On réalise aussi que malgré la performance intense et nuancée de Larissa Corriveau, comme elle nous l’a si souvent prouvé, on ne sait pas toujours exactement quoi faire avec le personnage de la mère, beaucoup moins définie que bien d’autres des principaux à ceux plus secondaires et beaucoup plus utilisées à titre de ficelle narrative que d’une personne à part entière.

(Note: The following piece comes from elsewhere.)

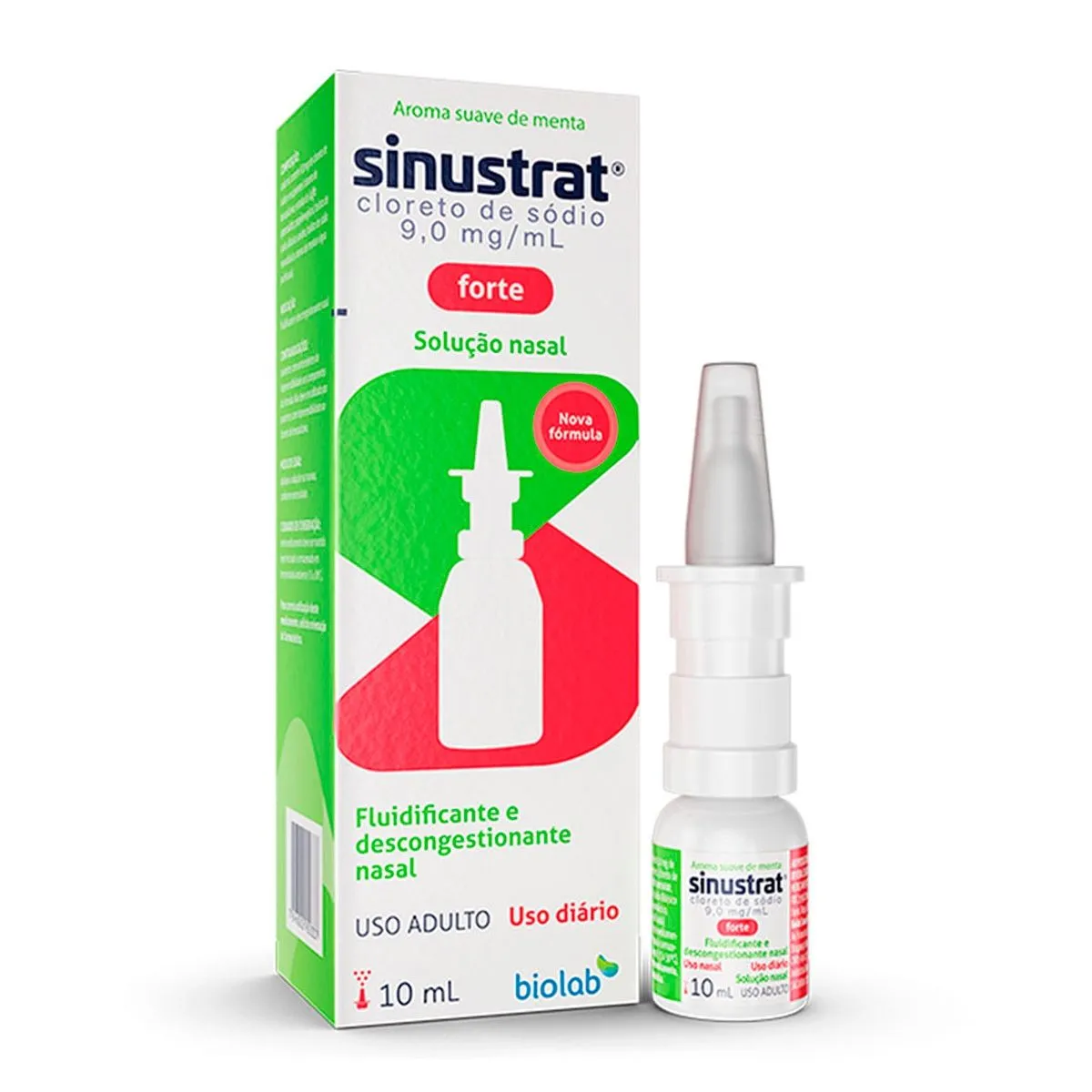 Sinustrat 9mg/ml Solução Nasal 10ml Biolab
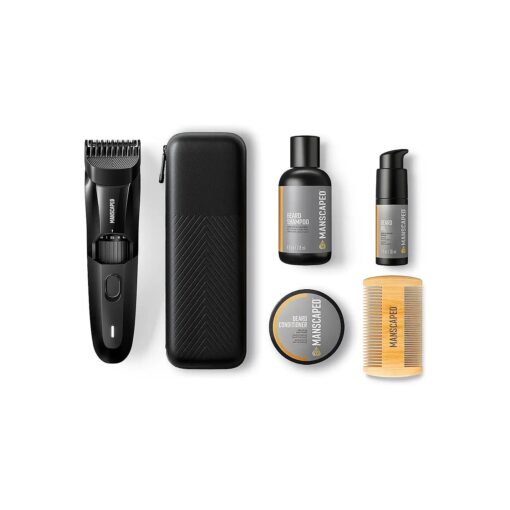 MANSCAPED ( r ) The Beard Hedger ( tm ) Advanced Kit Includes Our Premium Precision Beard & Mustache Trimmer, Hydrating Shampoo, Softening Conditioner, Moisturizing Oil & Facial Hair Comb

Certes, avec son look très cru rehaussé finement par sa forte direction artistique, voilà un film qui semble se rapprocher davantage d’un cinéma plus européen dans une liberté d’exécution d’une magnifique fluidité. Cette première collaboration avec Ian Lagarde aux images en est une que l’on souhaite qui se prolonge, tellement le noir et blanc cher au cinéaste est utilisé efficacement. Les mouvements de caméra et les plans d’ensemble (qui allègent souvent les adresses à la caméra pouvant être bien plus lourdes autrement) s’alignent aussi dans une vision précise qui empêchent le film de stagner vers quelque chose qui prendrait trop rapidement ses aises. Puisqu’on se le tienne pour dit, le long-métrage n’a jamais envie de s’assagir et c’est tant mieux. En ce sens, il n’ennuie jamais, même s’il s’étire peut-être un peu.

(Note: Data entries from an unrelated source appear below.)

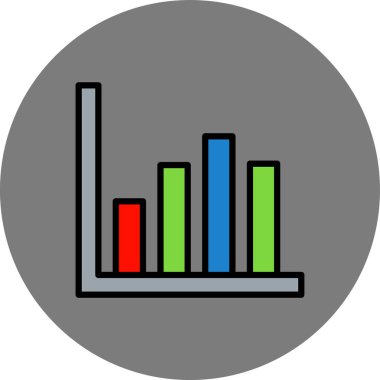 grafik çizelgesi simgesi, vektör illüstrasyonu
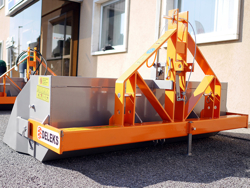 mechanische grondbak kiepbak schepbak achterbak 200 cm breed zware uitvoering mod prm 200 h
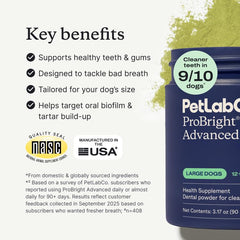 PetLab Co. ProBright dog-breath closeup highlights potential for fresher breath during daily care.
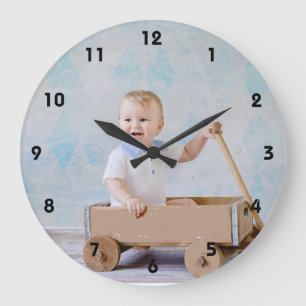 Custom Add Your Favorite Photo Wall Clock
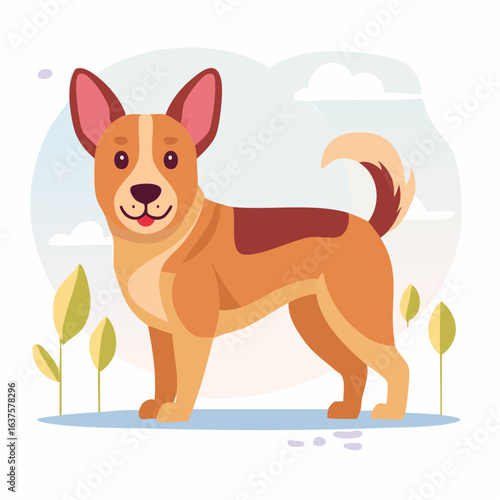 Dog icon for pet shops, veterinary, or adoption services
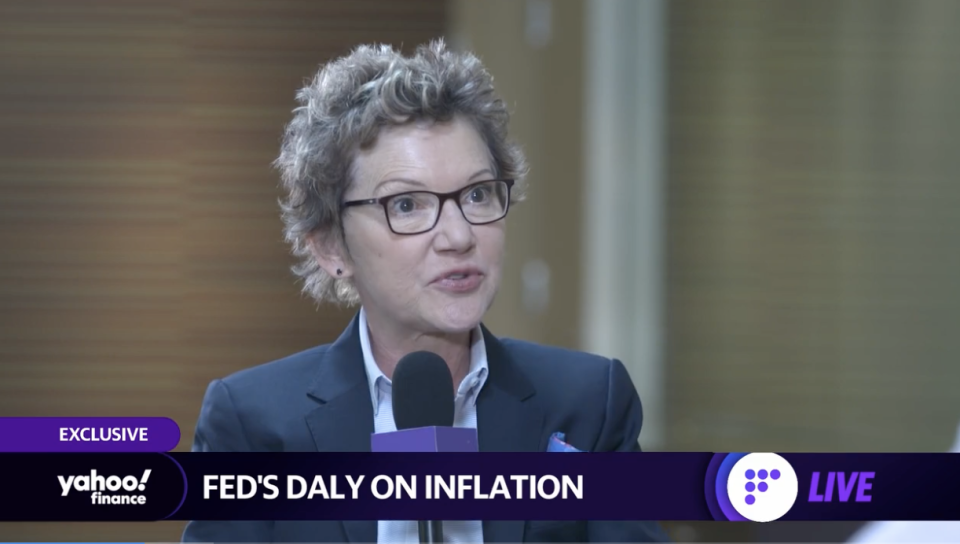 Mary Daley of the Federal Reserve speaks to Yahoo Finance.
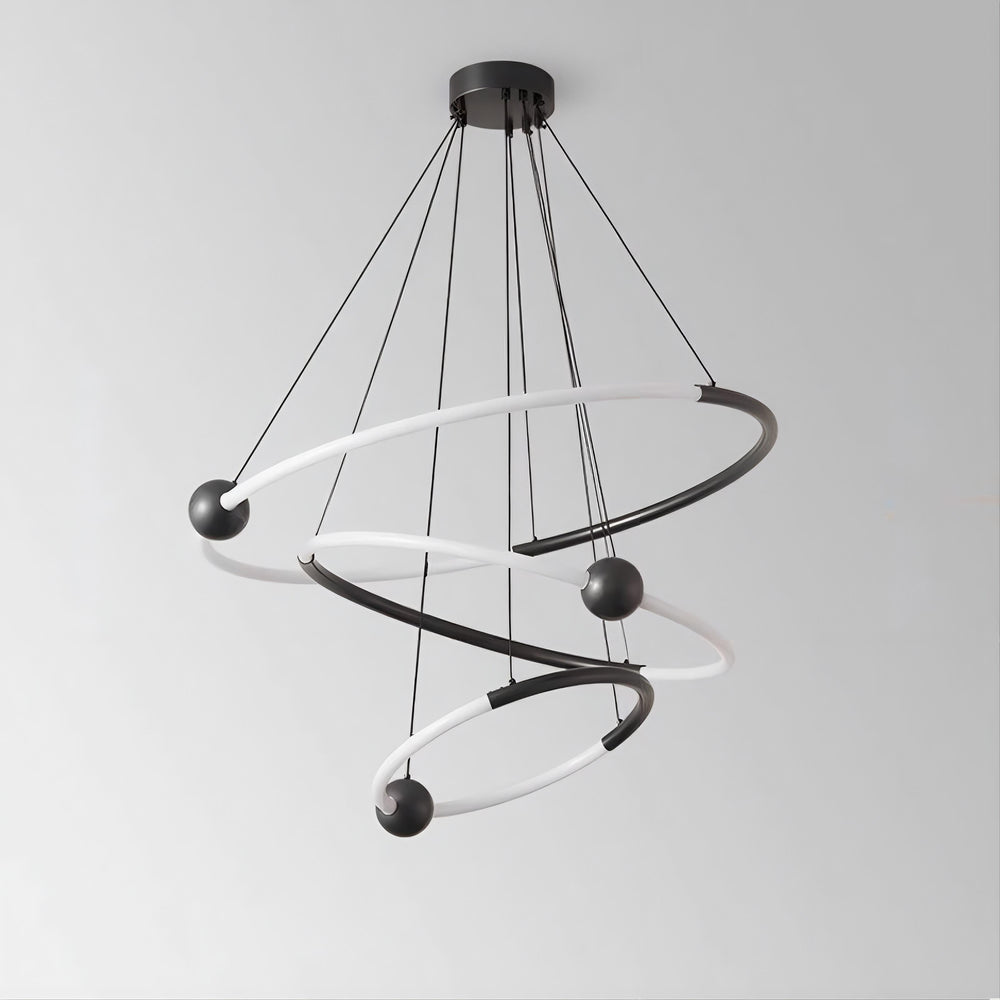 ECLIPTICA Ring Chandelier by Lampadom - top view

La reconstitution d’époque est aussi assez convaincante, comme Ball s’intéresse toujours aux enjeux du présent par le biais du passé, à l’exception d’un passage en métro un peu plus malhabile où il est impossible pour un montréalais de faire fi de toutes les affiches et la signalisation qui détonnent grandement dans cet univers pourtant ancré dans les années 1990.
Pour le reste, on compte comme toujours sur une distribution exemplaire qui fait toute la différence. Si le jeune venu Justin Labelle se dévoue corps et âme dans un personnage loin d’être facile, un premier rôle qui marquera certainement les esprits, il ne serait rien si ses partenaires de jeu ne lui en donnaient pas autant, ce qui est certainement le cas. De Nico Racicot à Émile Schneider, en passant par Karine Gonthier-Hyndman et le toujours très facile à détester Patrice Dubois, on aurait peut-être souhaité ne serait-ce qu’un petit cameo de Luka Limoges, oui pour des raisons évidentes, ou même Étienne Galloy qu’on se surprend à voir dans le court-métrage d’origine, bien avant la notoriété qu’on lui connaît aujourd’hui, on savoure tout le talent qui se déploie avec panache à l’écran.

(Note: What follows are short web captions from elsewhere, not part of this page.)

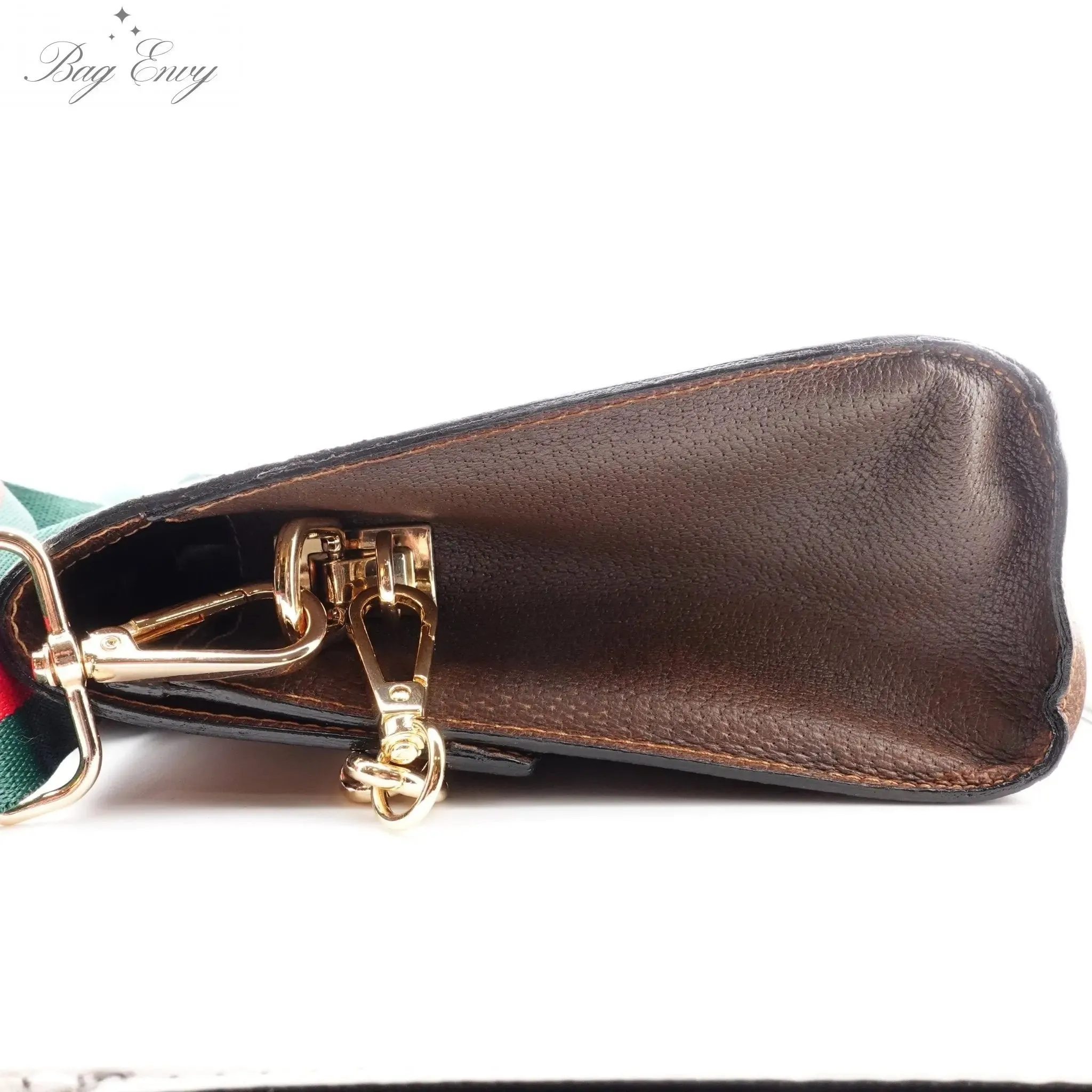 GUCCI Large Ophidia Clutch with Strap & Chain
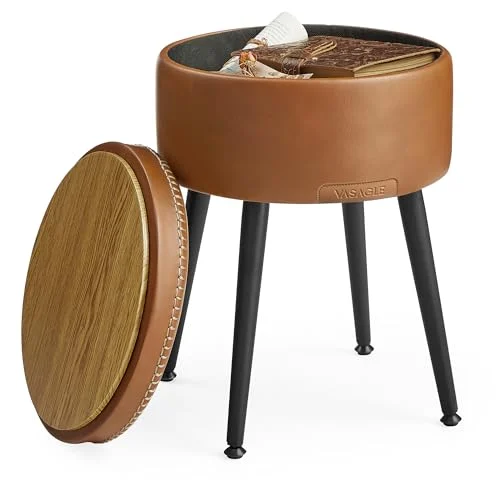 VASAGLE EKHO Storage Ottoman – Mid-Century Modern Vanity Chair review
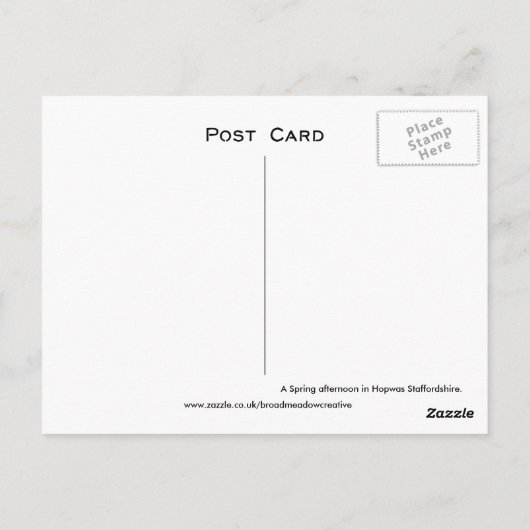 静けさ、美しい教会の墓地。ホピス・イギリス ポストカード (裏面)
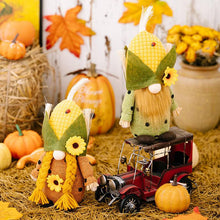 Load image into Gallery viewer, Thanksgiving Harvest Corn Hat Floral Gnome Ornaments
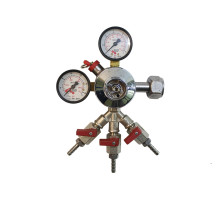 Вуглекислотний редуктор Со2 на 3 виходи TM Micromatik, новий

Enfin, il vaut quand même la peine de mentionner la participation de l’unique Julien Mineau (oui-oui du groupe Malajube) pour la trame sonore, qui ajoute certainement à l’ambiance distincte du film. Un long-métrage assez coup de poing dont on ne ressort pas exactement indemne, qui fesse et dérange avec habileté, mais qui charme aussi par son coeur jamais bien loin.
7/10
L’Ouragan Fuck You Tabarnak! est présenté à nouveau dans le cadre du Festival du nouveau cinéma à Montréal, le mercredi 11 octobre à 20 h 45 au Cineplex Quartier Latin. Si la Première en présence de toute l’équipe était une occasion unique, plusieurs membres de l’équipe seront tout de même présents.
Distribué au Québec par Funfilm, il n’y a pas encore de date de sortie en salle.